For those that like The Shed brews, Otter Creek bought the recipes/rights to the name and will be brewing it.
http://www.burlingtonfreepress.com/...Otter-Creek-Brewing-Co-purchases-Shed-Brewery


----------



## Edd (Dec 22, 2011)

C-Rex said:


> Yup, Alpine Black IPA.  One of my faves lately.  I also love the Jay Peak Tram Ale by Long Trail when I can get up there.



That black IPA is pretty damn good.  Tried it this fall at the Redhook NE Berewfest in Portsmouth and Otter Creek seemed to be the favorite in our group.

I see a bunch of love for Tuckerman's Pale Ale here.  I drink it sometimes but I find it to be really inconsistent.  Does anybody else notice this?


----------



## mlctvt (Dec 22, 2011)

my #1 favorite
Portsmouth Brewery Black Cat Stout

Only available at the brewery and if you're lucky they may have it in growlers to go.


----------



## Mullen (Dec 23, 2011)

Trout River Rainbow Red.  It's been a favorite of mine since the Lyndon State days.  

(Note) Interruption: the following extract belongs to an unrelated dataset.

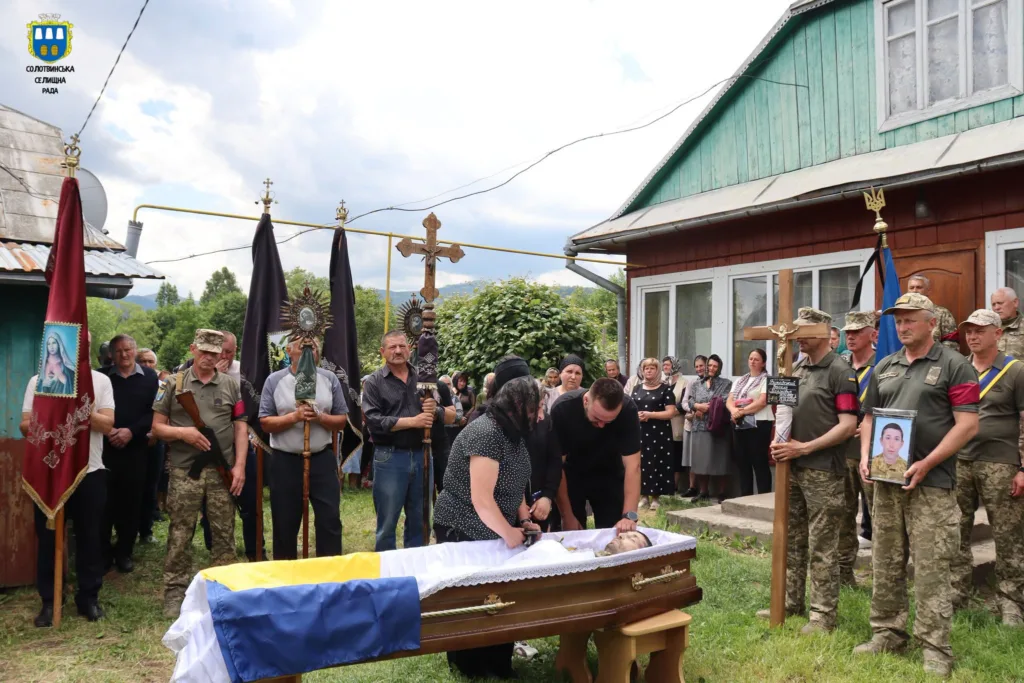Похорон українського військового біля будинку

They don't sell it in CT so every time I'm in VT I stock up.


----------



## deadheadskier (Dec 23, 2011)

Edd said:


> I see a bunch of love for Tuckerman's Pale Ale here.  I drink it sometimes but I find it to be really inconsistent.  Does anybody else notice this?



yes

I remember trying it for the 1st time like five years ago at a party and thought it was delicious.  Next time I saw it in a store I bought a six pack and it tasted so different that I thought I perhaps had tried a different variety than the Pale.  The amount of hops in the brew seems to vary considerably.


----------



## Black Phantom (Dec 23, 2011)

Otter Creek Stovepipe Porter

My beloved LT Double Bag.


----------



## Bene288 (Dec 23, 2011)

Harpoon and Shipyahhd


----------



## xwhaler (Dec 24, 2011)

Woodstock Pigs Ear (perhaps the best brown ale ever created!)
Smuttynose Old Brown Dog 
LT Dbl Bag
Harpoon Winter Warmer
Grittys Christmas Ale


----------



## WWF-VT (Dec 27, 2011)

Heady Topper from The Alchemist


----------



## bobbutts (Dec 27, 2011)

http://www.whitebirchbrewing.com/
Hooksett, NH

Very good Belgian style ales.

Love Long Trail and Tuckerman's as well.


----------